Jumat, 07 September 2012

Khutbah Jum'at

Menjaga Kesucian Jiwa Pasca Ramadhan
Ibadah yang dilakukan pada bulan Ramadhan dapat mengantarkan seorang muslim kepada kesucian jiwa, agar dimensi ruhani lebih dominan dan dimensi jasmani dapat dikendalikan. Ramadhan adalah proses yang ideal untuk meningkatkan kesucian jiwa.
Proses ini tidak boleh berhenti dengan selesainya Ramadhan. Sebab, jiwa manusia mempunyai potensi untuk melakukan kebaikan dan keburukan. Hawa nafsu yang tidak terkendali dapat menggelincirkan seseorang dari jalan yang lurus. Setan sebagai musuh abadi bagi manusia tidak pernah berhenti melakukan tipu dayanya. Karena itu, ketika Ramadhan meninggalkan kita, itu berarti adalah babak baru untuk tetap menjaga kesucian diri dalam rangka mencapai kesuksesan hidup agar menjadi muslim yang bersih jiwa dan raga, jauh dari maksiat dan dari segala yang dilarang Allah SWT.
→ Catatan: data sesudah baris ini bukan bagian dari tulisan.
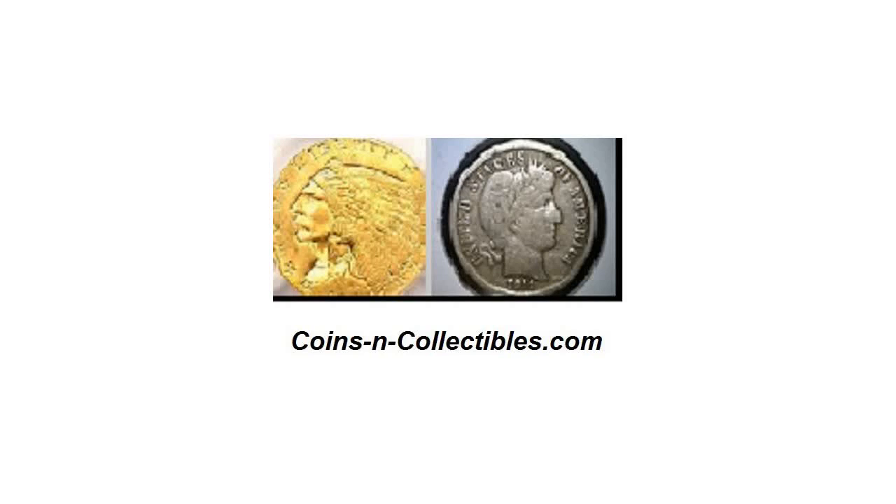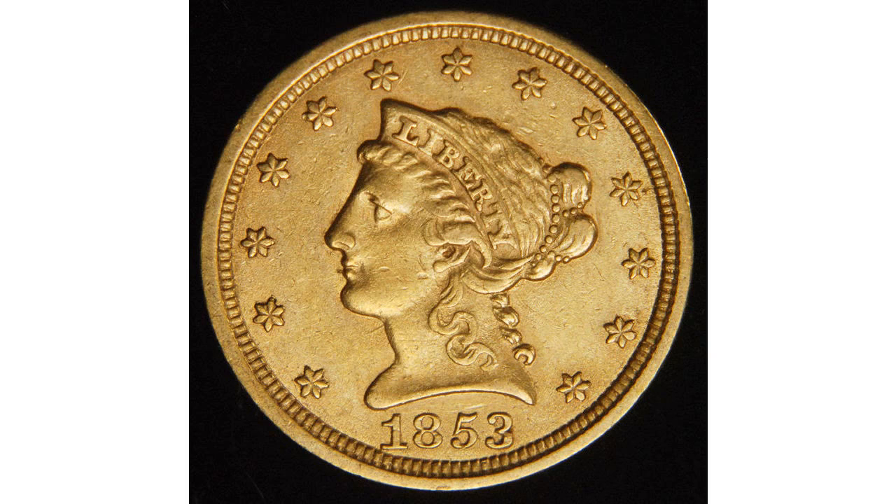CoinsandCollectibles.com presents The History of the United States $2.50 Gold Coin. The first $2.50 Liberty Gold Coin, or Quarter Eagle, was authorized by a Congressional Act on April 2, 1792.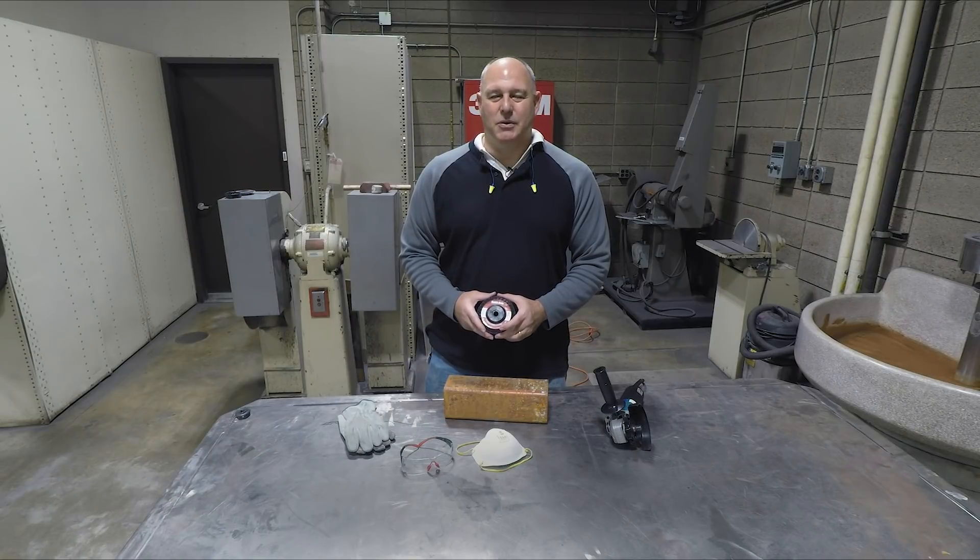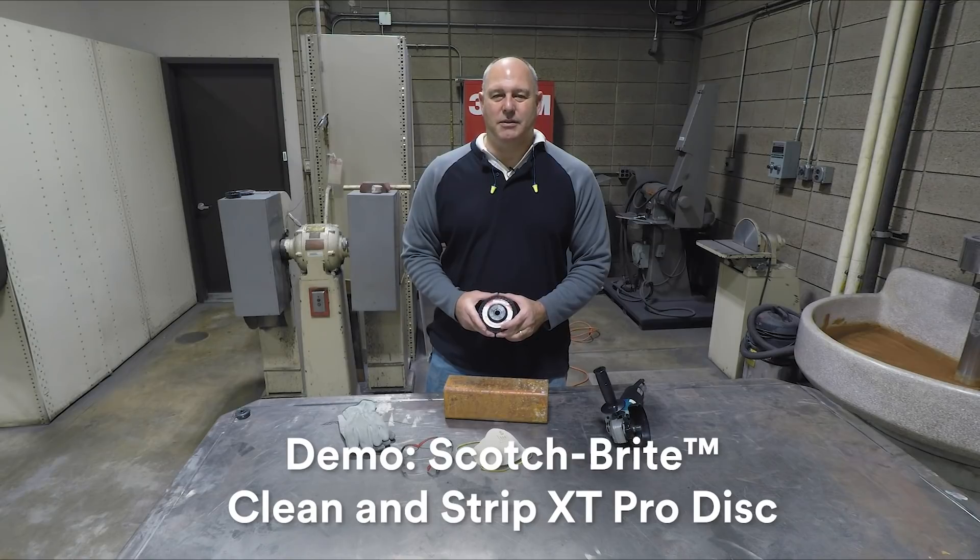I'm TJ with 3M Abrasives. I want to talk to you about the new Scotch-Brite Clean & Strip XT Pro disc, meant for paint and rust removal. This new disc is stronger and more conformable than previous Clean & Strip products. This disc also has a speed rating of 13,300, which is faster than previous Scotch-Brite Clean & Strip products.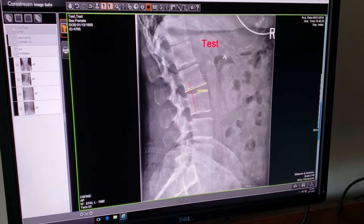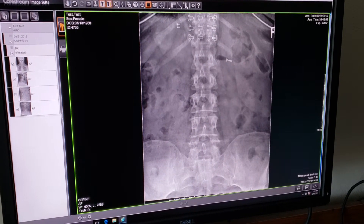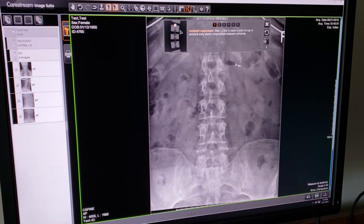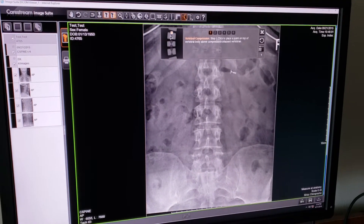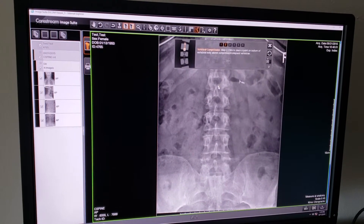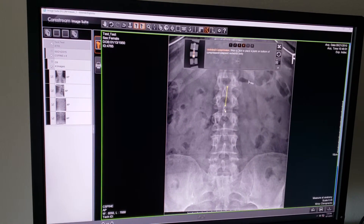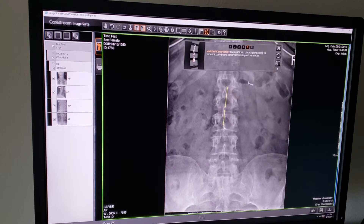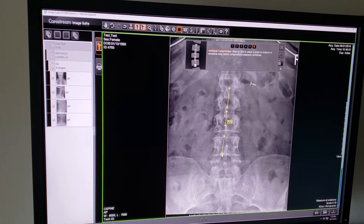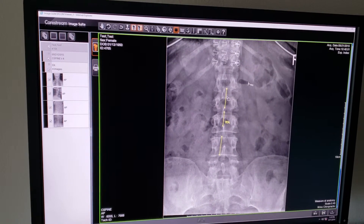The next tool is compression. Compression will measure a percentage of compression for a compressed vertebra. In the toolbar icon, the middle vertebra is actually compressed compared to the ones above and below. Place a dot top and bottom of the vertebra above the compression, then top and bottom of the compressed vertebra, then top and bottom of the normal vertebra below. It is telling us this line in the center is 75% of the average of the two normals.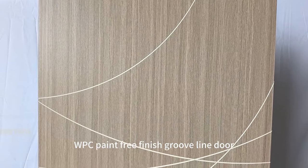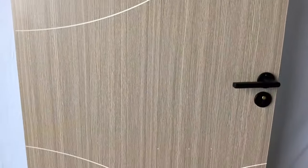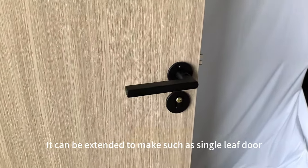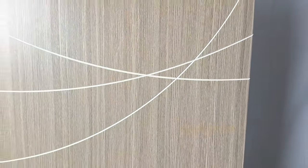WPC Paint Free Finish Groovline Door — it is a novel and modern style WPC door. We can choose the color and style of the finish. Therefore, it can be extended to make various configurations such as single leaf door, double unequal leaf door, double leaf door, etc.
Kesucian diri adalah tanda kesuksesan, sedangkan mengotorinya adalah tanda kerugian. Allah menggambarkan hal ini dalam Al-Qur’an surat As-Syams;7-10:
وَنَفْسٍ وَمَا سَوَّاهَا ﴿٧﴾ فَأَلْهَمَهَا فُجُورَهَا وَتَقْوَاهَا ﴿٨﴾ قَدْ أَفْلَحَ مَن زَكَّاهَا ﴿٩﴾ وَقَدْ خَابَ مَن دَسَّاهَا
“Dan jiwa serta penyempurnaannya (ciptaannya). Maka Allah mengilhamkan kepada jiwa itu (jalan) kefasikan dan ketakwaannya. Sesungguhnya beruntunglah orang yang mensucikan jiwa itu, dan sesungguhnya merugilah orang yang mengotorinya”.
Jiwa harus kita jaga agar tetap suci. Untuk menjaga kesucian jiwa, ada beberapa langkah yang harus kita lakukan.
Pertama: Menata Hati. Hati berpotensi mendorong seseorang untuk melakukan kebaikan dan keburukan. Karena itu, ia harus tetap ditata dengan memohon kepada Allah agar meneguhkan hati kita dalam agama-Nya dan menjauhkannya dari tipu daya setan yang senantiasa berupaya menjerumuskan kita, sedangkan hati adalah sasaran utama bagi setan untuk menggoda manusia. Karena itu, hati hendaklah selalu di isi dengan nilai-nilai Al Qur’an dan sunnah Rasulullah SAW, banyak berzikir kepada Allah serta menjauhkannya dari lintasan-lintasan yang melahirkan dosa dan khayalan yang tidak berguna.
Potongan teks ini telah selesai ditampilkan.